I. The famous cartoon by F. H. Townsend, "Bravo Belgium," fitly
  appears as the frontispiece to this book. It is reprinted from _Punch_
  by permission of the Proprietors.


II. REHABILITATED!

  Germany (to her Professor):

  "What if we do not fulfil our promises—the whole world must now
  admiringly confess we are men of honour—we fulfil our threats!"

  By Will Dyson. First published in _The Nation_, May 15, 1915.

[Illustration: II.]


III. AUDIENCE.

  _Prussianism._ "... And Poets, Professors, Instructors of the Young,
  let it be Your divine labour to quicken our Germany with a hate of
  England so vast, so holy, so unappeasable, that WE need fear no more
  the danger of her hating US."

  By Will Dyson. First published in _The Nation_, May 8, 1915.

[Illustration: III.]


IV. THE BAFFLED BURGLAR.

  _The Burglar_: "I've got the swag, but strafe that copper! I can't get
  away with it, and there's no food in that beastly cupboard!"
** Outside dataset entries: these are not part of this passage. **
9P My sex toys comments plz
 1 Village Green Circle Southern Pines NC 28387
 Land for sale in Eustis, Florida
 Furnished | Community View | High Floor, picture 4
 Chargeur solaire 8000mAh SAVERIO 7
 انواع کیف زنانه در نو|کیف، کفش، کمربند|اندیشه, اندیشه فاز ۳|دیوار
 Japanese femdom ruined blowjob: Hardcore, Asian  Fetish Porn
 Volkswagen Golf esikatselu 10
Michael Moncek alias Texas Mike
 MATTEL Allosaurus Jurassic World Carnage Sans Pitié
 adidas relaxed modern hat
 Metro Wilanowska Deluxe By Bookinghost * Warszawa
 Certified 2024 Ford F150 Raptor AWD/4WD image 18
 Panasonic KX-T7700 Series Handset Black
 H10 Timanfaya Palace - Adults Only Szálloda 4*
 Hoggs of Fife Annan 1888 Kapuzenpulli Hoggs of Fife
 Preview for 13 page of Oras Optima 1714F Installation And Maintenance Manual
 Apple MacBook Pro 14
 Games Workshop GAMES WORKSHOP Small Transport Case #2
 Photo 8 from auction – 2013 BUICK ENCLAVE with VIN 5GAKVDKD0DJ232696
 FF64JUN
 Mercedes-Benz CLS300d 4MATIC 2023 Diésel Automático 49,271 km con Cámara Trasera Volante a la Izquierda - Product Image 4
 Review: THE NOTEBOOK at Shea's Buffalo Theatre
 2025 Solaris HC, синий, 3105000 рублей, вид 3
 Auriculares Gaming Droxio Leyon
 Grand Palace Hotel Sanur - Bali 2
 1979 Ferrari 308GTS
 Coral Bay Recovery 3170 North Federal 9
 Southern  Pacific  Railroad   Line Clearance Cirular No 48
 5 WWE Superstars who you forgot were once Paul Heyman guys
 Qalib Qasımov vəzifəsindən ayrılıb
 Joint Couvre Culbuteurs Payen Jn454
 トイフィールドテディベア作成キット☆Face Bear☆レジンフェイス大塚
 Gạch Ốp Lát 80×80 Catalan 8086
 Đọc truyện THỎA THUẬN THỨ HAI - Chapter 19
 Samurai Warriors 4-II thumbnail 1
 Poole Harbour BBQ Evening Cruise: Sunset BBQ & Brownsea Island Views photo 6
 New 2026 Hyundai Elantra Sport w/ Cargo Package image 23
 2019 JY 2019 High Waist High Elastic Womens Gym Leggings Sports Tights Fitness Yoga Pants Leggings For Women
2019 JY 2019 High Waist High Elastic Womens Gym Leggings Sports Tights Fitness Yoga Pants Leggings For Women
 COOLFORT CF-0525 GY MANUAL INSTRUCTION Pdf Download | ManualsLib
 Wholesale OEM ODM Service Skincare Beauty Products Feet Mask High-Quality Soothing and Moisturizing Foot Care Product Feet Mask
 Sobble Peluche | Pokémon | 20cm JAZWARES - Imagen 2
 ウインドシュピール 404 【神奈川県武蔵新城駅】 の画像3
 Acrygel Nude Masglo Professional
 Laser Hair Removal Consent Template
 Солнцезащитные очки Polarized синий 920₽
  By "F. C. G." First published in the _Westminster Gazette_, February
  11, 1916.

[Illustration: IV.]


V. This very Haseldenian page speaks for itself.

  By permission of the Editor of the _Daily Mirror_.

[Illustration:
  "I'M AN EAGLE!"

  "I SAY I'M AN EAGLE!"

  "DOES ANYONE DARE TO CONTRADICT ME?"

  "I AM AN EAGLE!"

  "I WILL BE AN EAGLE!"

  "AREN'T I AN EAGLE?"

  V.]


VI. IMPERIALISMUS.

  Under this laconic title Mr. E. J. Sullivan shows us a museum specimen
  of that extinct monster "The German Eagle."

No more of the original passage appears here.